*The problem*: The records underneath are to be printed in full and exactly, with no pictures carried over.

[Records shown]

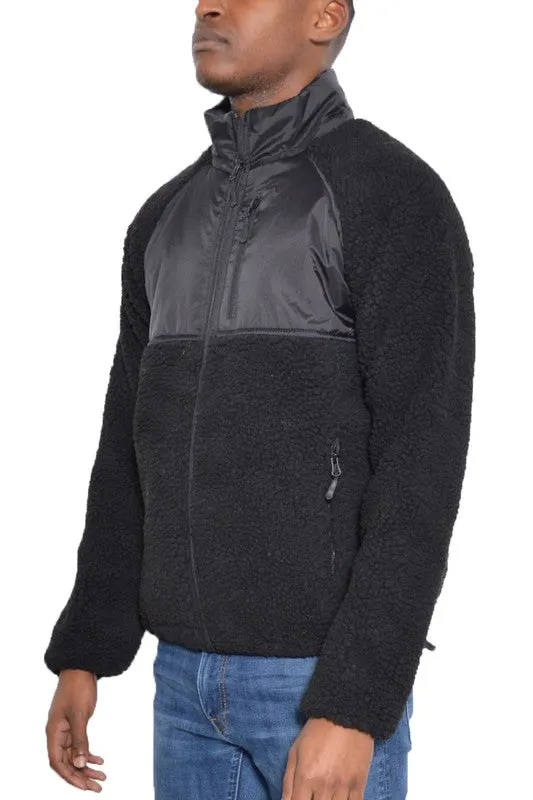 TEEK - FULL ZIP SHERPA FLEECE JACKET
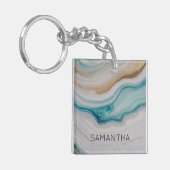 Agate Seascape Schlüsselanhänger (Vorderseite links)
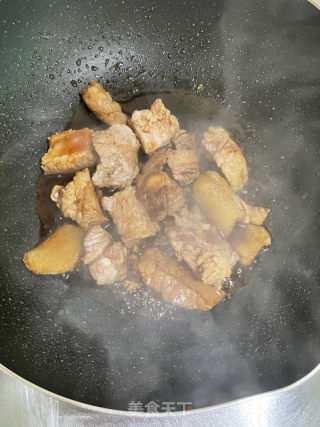 菠萝排骨的做法步伐：5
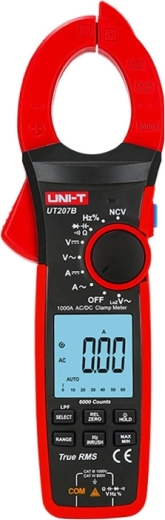 Uni-T kleščni digitalni merilnik True RMS UT207B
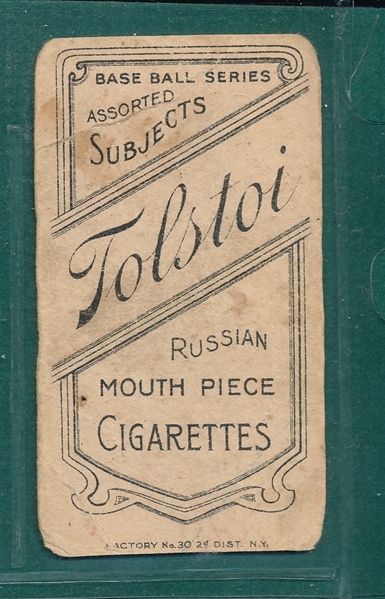 1909-1911 T206 Beckley Tolstoi Cigarettes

[/Records shown]

*Result*:
 TEEK - FULL ZIP SHERPA FLEECE JACKET
 Agate Seascape Schlüsselanhänger (Vorderseite links)
 菠萝排骨的做法步伐：5
 Uni-T kleščni digitalni merilnik True RMS UT207B
 1909-1911 T206 Beckley Tolstoi Cigarettes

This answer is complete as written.